Wheeler HS graduate accused of rape at UNC

University of North Carolina football player Allen Artis entered court Wednesday to face the misdemeanor arrest warrant issued over sexual assault allegations.

His first court appearance is set for 2 p.m. Wednesday.

UNC sophomore Delaney Robinson accused Artis, 21, of sexually assaulting her on Feb. 14 and she said inaction by police, prosecutors and the university led to her seeking charges as an individual. 

"Delaney Robinson had the courage to report she had been raped,"  Denise Branch, Robinson's attorney, said in an email to USA TODAY Sports on Wednesday. "In response, she has been treated with indifference, disrespect and inordinate delay.  Delaney has been resolute since her attack on Valentine’s Day.  Everyone should be accountable for their actions and we are pleased the process is finally moving forward."

RELATED | UNC student claims football player from Marietta raped her

USA TODAY Sports does not usually name alleged victims of sexual violence, but Robinson has made the allegations public.

A magistrate issued an arrest warrant Tuesday for  two misdemeanors: sexual battery and assault . In the warrant, Robinson alleged Artis had sex with her while she was "mentally incapacitated and physically helpless."

As result of the charges, Artis, a linebacker, was suspended from the football team per UNC's athletic department policy for an athlete accused of a misdemeanor.

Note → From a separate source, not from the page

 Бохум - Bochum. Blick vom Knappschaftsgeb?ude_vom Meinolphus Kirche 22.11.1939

“I did everything a rape victim is supposed to do,” Robinson said on Tuesday. “I reported it.  I allowed the rape kit to be taken.  I gave a statement.  I cooperated with law enforcement and the Title IX office.  But six months later the University has done nothing."

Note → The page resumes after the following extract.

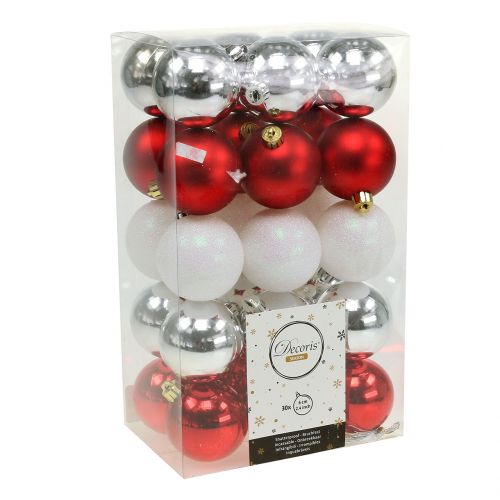 Product Christmas ball mix white, red, silver Ø5,5cm 30pcs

Jim Woodall, the district attorney for Orange and Chatham counties, told USA TODAY Sports that the investigation remains active both in his office and at UNC. Woodall would not rule out Artis would face felony charges even with Robinson pursuing charges on her own.

Under North Carolina law, the state allows citizens to pursue charges individually in such cases and a warrant is issued after a magistrate determines there is probable cause.

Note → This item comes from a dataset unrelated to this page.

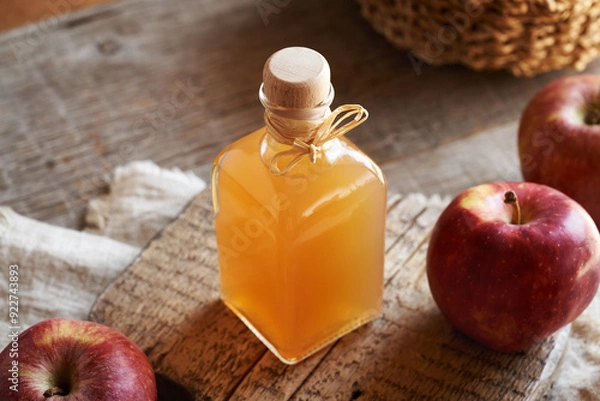 Fototapeta A bottle of apple cider vinegar on a table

“My life has changed forever,” Robinson said in a scheduled news conference on Tuesday. "I see him every day on campus. ... It's distracting, hard to get my school work done. ...There won't be a cultural change without individuals stepping up. A university isn't going to feel the pressure to make a concrete change unless there are people pressing them to do so."

Robinson faulted the UNC Department of Public Safety and the school’s Title IX office for how the investigation was handled.

“Rather than accusing him of anything, the investigators spoke to him with a tone of camaraderie,” Robinson said. “They provided reassurances to him when he became upset. They even laughed with him when he told them how many girls’ phone numbers he had managed to get on the same night he raped me.  They told him, ‘Don’t sweat it, just keep on living your life and playing football.’ ”

UNC vice chancellor for communications Joel Curran said a statement that the university is aware of the allegation, although he could not comment on specifics of the case due to federal privacy law.

"These matters are complex and often involve multiple agencies including law enforcement," Curran said. "While the University always tries to complete an investigation as quickly as possible, our priority is to ensure that the factual investigations are complete and conducted in a fair and thorough manner."